Extrusion at extrusion ratio 4-8, then stretching temperature 90-135
℃, Young's modulus obtained by stretching at a total stretching ratio of 100 to 250
It is an ultra-high molecular weight polyethylene molded product with a strength of 110 gigapascals or more and a breaking strength of 3.5 gigapascals or more. In the present invention, the mat-like material is characterized in that the crystallinity is actively increased to prevent the formation of gel, and thus the mat-like material composed of single crystal aggregates is 4 to 8 times more When extruded, it can be stretched at low temperatures, and when stretched at high temperatures, it becomes a molded product with high elasticity and high strength. This molded product exhibits outstanding high performance, with a Young's modulus of 110 gigapascals or more and a breaking strength of 3.5 gigapascals or more at a total stretch ratio of 100 to 250. This is clear from a comparison with comparative molded products A to C shown in the following table.

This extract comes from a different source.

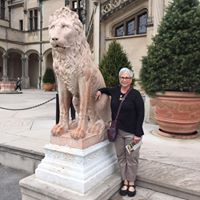 Nancy Donahue Photo 25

[Table] The excellent physical properties of the molded product of the present invention are related to the unique crystalline state of the material, but even a pine-like product made of the same single crystal aggregate should be seen as a molded product in the case of ordinary high-density polyethylene. No improvement in physical properties occurs. Carbon steel, which is widely used as a building material, has a Young's modulus of 240 gigapascals and a breaking strength of 0.6 gigapascals.Compared to this carbon steel, the molded product of the present invention has a Young's modulus of about the same at the upper limit and a strength of about 6
That's more than double that. Furthermore, the molded product of the present invention has a density that is approximately 1/8 that of steel, making it extremely useful as a lightweight material with high elasticity and strength. The ultra-high molecular weight polyethylene in the present invention has a viscosity average molecular weight of 1 million or more. The viscosity average molecular weight is calculated from the measured viscosity using the following formula. [η] = 6.20×10 ^-4 ·M ^0.70 In the formula, [η]: Intrinsic viscosity, M: Viscosity average molecular weight Such ultra-high molecular weight polyethylene is commercially available. A pine-like material can be obtained from this material in the following manner. The ultra-high molecular weight polyethylene is heated and dissolved in a solvent to prepare a solution having a concentration of less than 1% by weight. As the solvent, for example, dodecane, xylene, dichlorobenzene, decalin, and tetralin are used, and they may be used alone or as a mixed solvent.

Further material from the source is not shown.